With the dawn of widespread distributed/virtual organizations and teams in the 1990s, MBWA was clearly impossible and had to be substituted with new management approaches. In 1999 I wrote about MBFA, Management by Flying Around, in my book “Global Software Teams” (Carmel, 1999). I did not coin this term, though my book played an important role in publicizing it. I learned this new acronym from pioneering virtual managers at IBM.
In the 1990s, we all believed that the dominant work configuration was that of clustered locations in which co-located tech workers cluster together in an office. For example, American workers were in an office building in Reston and the Irish workers in an office building in Stillorgan, and the Swedish workers in Kista, the Chinese workers in a skyscraper in Pudong, and so on. Therefore managers were able to fly from location to location in order to meet with the local team members.
One decade later there are now several million knowledge workers involved in international distributed work groups. Technology has become much friendlier since the 1990s. However, travel is prohibitive for most of these teams and thus, MBFA is impossible.
Instead, today we see MBTA, Management By Timeshifting Around. Managers stay in place, but timeshift to different locations by adjusting or scattering their work day. Timeshifting means adjusting one’s work hours to accommodate another’s schedule. For example, Sarah, a timeshifting tech manager in the Virginia tech corridor near Washington, timeshifts to her 10 team members’ work time in Germany. She starts work at 06:00 local time and overlaps half her workday with her German colleagues. This allows her to interact synchronously with her German counterparts.

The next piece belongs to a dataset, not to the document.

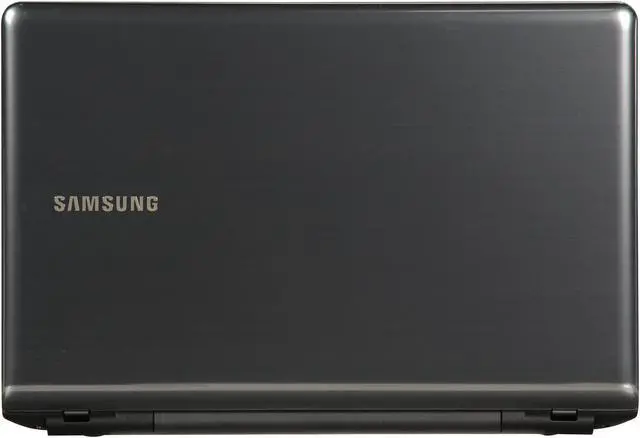 Alt view image 3 of 8 - SAMSUNG Laptop Series 3 AMD A6-4400M 4GB Memory 500GB HDD AMD Radeon HD 7520G 15.6" Windows 8 64-bit NP355V5C-A04US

My conceptualization of MBTA came about from more than a decade of research including hundreds of formal and informal interviews with managers all over the world. This research is conducted, in part, with my colleague here at AU, Alberto Espinosa. In these time zone-separated work groups we have found one management/coordination solution prevalent nearly everywhere: timeshifting.
MBTA managers can potentially achieve many of the advantages of MBWA and MBFA. They can have one-on-one intimate conversations via Skype or their mobile telephone. They can coordinate “together” with others examining work products. They can tell a joke. They can develop key personal relationships and trust.
- Carmel, E., (1999), Global Software Teams. Upper Saddle River, NJ: Prentice Hall.
- Peters, T., Waterman, R. (1982), In Search of Excellence: Lessons from America's Best Run Companies, Harper and Row, New York, NY, .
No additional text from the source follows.